To ascertain evidence of common genetic regulation between CRP and the components of metabolic syndrome, we conducted bivariate analysis, using SOLAR (Sequential Oligogenic Linkage Analysis Routines) ver. 4.2.0,³¹ which allowed partitioning of the phenotypic correlations into genetic (ρ_G) and environmental correlations (ρ_E). The presence of a significant genetic correlation between two characteristics could be considered evidence of pleiotropy.

To evaluate environmental associations between CRP and components of metabolic syndrome with full consideration of the effect of age, sex, and genetic factors, we conducted a co-twin–control study in 113 pairs of mozygotic twins. If a twin pair were discordant by more than 0.5 mg/L regarding CRP levels, they were selected for the co-twin–control study. The CRP level for identifying discordant twin pairs was set on the basis of a clinical intervention study evaluating the effect of lipid-lowering agent on CRP level.³² We conducted a within-pair comparison of each component of metabolic syndrome using a paired t-test. We estimated the risk for having higher CRP levels associated with the components of metabolic syndrome by conditional logistic regression analysis with an adjustment for smoking and alcohol consumption, in which a person who had a higher CRP level than his/her co-twin was compared with the co-twin regarding the presumed risk factors. All of the hypotheses were tested bidirectionally with an alpha level set at 0.05.

Results

Table 1 shows metabolic and behavioral characteristics according to the level of CRP. Subjects with higher CRP levels tended to be older than those with lower CRP levels. All of the obesity-related indices, including BMI, total body fat, WC, and weight change since 20 years of age, increased gradually with the increase of CRP level. Glucose, insulin, and HOMA also increased gradually, according to the increase in CRP level. SBP and DBP, total cholesterol, non-HDL-C, triglycerides, and LDL-C were more likely to be higher in participants who have higher CRP levels. HDL-C levels decreased with increasing CRP levels.
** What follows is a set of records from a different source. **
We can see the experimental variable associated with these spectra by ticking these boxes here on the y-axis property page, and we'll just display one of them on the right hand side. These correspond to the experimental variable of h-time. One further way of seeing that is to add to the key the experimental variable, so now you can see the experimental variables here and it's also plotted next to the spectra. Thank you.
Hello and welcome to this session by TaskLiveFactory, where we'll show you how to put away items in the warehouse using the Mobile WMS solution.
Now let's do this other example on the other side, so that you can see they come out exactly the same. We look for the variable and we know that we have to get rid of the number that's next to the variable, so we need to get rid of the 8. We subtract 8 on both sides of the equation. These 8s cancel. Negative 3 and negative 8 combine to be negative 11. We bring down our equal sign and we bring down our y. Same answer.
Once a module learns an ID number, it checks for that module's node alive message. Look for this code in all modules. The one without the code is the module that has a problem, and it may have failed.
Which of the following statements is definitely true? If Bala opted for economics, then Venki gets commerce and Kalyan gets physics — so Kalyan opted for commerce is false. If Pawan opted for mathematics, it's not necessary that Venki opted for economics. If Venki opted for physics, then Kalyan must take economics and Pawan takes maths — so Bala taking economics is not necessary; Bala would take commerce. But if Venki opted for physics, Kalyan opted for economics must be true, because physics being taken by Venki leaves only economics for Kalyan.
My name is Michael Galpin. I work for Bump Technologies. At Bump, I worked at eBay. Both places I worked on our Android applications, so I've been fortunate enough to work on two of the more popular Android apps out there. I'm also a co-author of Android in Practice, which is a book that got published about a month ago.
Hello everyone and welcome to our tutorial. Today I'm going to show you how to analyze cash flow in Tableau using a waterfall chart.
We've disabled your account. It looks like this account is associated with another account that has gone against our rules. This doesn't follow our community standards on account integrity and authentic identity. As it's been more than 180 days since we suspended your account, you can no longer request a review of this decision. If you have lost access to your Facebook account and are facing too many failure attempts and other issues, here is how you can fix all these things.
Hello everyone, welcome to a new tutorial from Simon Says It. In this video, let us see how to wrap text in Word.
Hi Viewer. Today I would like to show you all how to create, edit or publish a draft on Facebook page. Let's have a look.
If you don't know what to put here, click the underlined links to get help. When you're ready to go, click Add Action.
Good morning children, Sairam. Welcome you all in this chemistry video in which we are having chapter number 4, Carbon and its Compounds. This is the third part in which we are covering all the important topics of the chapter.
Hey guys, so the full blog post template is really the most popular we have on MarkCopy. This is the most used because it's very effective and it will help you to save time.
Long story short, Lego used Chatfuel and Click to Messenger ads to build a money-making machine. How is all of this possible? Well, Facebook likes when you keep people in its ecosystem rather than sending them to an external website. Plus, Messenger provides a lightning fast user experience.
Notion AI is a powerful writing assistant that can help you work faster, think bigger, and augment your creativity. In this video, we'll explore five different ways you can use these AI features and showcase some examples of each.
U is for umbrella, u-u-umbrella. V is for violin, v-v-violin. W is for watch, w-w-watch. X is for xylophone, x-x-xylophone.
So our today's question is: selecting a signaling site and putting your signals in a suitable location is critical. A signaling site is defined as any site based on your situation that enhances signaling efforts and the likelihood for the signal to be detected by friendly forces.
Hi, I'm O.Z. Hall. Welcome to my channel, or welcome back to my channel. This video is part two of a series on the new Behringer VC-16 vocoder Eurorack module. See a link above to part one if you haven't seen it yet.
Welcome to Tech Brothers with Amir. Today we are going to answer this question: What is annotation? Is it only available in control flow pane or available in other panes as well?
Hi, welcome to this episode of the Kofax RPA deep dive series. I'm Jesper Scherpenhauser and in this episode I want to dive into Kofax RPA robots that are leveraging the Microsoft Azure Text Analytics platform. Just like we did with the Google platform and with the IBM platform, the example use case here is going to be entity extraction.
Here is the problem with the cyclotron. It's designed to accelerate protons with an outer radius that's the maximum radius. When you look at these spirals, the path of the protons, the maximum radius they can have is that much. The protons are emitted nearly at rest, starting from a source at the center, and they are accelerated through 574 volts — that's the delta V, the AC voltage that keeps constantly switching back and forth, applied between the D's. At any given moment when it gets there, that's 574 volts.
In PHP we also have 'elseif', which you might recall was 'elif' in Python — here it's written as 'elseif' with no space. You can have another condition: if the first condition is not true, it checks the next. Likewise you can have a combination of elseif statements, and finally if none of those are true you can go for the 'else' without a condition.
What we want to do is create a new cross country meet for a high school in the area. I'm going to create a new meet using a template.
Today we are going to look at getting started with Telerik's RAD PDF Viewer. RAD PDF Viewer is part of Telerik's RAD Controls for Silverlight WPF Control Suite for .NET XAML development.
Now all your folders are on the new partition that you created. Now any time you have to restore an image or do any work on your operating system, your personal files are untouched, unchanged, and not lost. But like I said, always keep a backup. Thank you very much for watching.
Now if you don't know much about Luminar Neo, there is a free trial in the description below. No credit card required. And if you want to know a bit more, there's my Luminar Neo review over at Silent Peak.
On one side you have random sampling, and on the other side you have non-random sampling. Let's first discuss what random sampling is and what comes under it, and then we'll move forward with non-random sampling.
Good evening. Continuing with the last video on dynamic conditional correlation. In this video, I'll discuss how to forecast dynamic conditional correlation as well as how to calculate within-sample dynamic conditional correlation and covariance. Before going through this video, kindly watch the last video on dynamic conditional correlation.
Prevalence of metabolic syndrome increased progressively with increasing CRP level whether we applied the diagnostic criteria recommended by NCEP ATP III or by IDF. When we repeated this analysis with restriction to males or females, these findings did not change except for alcohol consumption (p for trend=0.43 in males) and smoking (p for trend=0.35 in females).

Table 1.

Metabolic and Behavioral Characteristics According to the Level of C-Reactive Protein

		Levels of C-reactive protein
Characteristics, mean±SD or %	Number of persons ^a	<0.5	0.5 to <1	1–3	>3	P_trend ^b
Number of persons in each C-reactive protein group		1214	678	487	176	2555
C-reactive protein (mg/L)	2555	0.27±0.11	0.67±0.14	1.61±0.55	6.16±3.58	<0.01
Male	2555	31.1%	45.7%	48.1%	50.0%	<0.01
Age (years)	2555	39.8±11.3	45.0±13.1	45.6±13.4	46.9±13.6	<0.01
Body mass index (kg/m²)	2555	22.4±2.7	24.0±2.8	25.0±3.4	25.7±4.5	<0.01
Total body fat (%)	2547	27.1±7.7	28.4±7.9	29.5±8.2	29.5±9.2	<0.01
Waist circumference (cm)	2554	76.4±7.9	81.9±8.2	84.7±8.8	86.2±10.8	<0.01
Weight change since 20-year old (kg)	2101	4.5±6.4	8.0±7.4	10.1±8.2	10.8±11.3	<0.01
Systolic blood pressure (mmHg)	2547	112.2±15.1	118.2±16.5	121.6±17.4	121.4±19.9	<0.01
Diastolic blood pressure (mmHg)	2547	71.7±10.2	74.1±10.5	76.9±11.6	75.8±11.4	<0.01
Total cholesterol (mmol/L)	2555	4.74±0.88	5.03±0.93	5.04±0.96	4.98±0.84	<0.01
Non-high-density lipoprotein cholesterol (mmol/L)	2555	3.40±0.86	3.74±0.91	3.83±0.96	3.78±0.87	<0.01
Low-density lipoprotein cholesterol (mmol/L)	2555	2.70±0.74	2.99±0.82	2.98±0.83	2.98±0.79	<0.01
High-density lipoprotein cholesterol (mmol/L)	2555	1.34±0.32	1.29±0.31	1.21±0.31	1.20±0.33	<0.01
Triglyceride (mmol/L)	2555	1.05±0.80	1.44±0.92	1.67±1.28	1.56±1.14	<0.01
Glucose (mmol/L)	2555	4.96±0.62	5.25±0.98	5.37±1.19	5.52±1.36	<0.01
Insulin (pmol/L)	2555	44.2±22.7	48.2±33.0	52.6±33.1	56.5±42.8	<0.01
Homeostasis model assessment^c	2555	1.37±0.76	1.59±1.20	1.85±1.46	2.00±1.87	<0.01
Metabolic syndrome by ATP III criteria	2547	4.04%	13.27%	23.82%	32.95%	<0.01^d
Metabolic syndrome by IDF criteria	2547	5.11%	16.37%	28.95%	31.25%	<0.01^d

In some participants, data were missing for some variables.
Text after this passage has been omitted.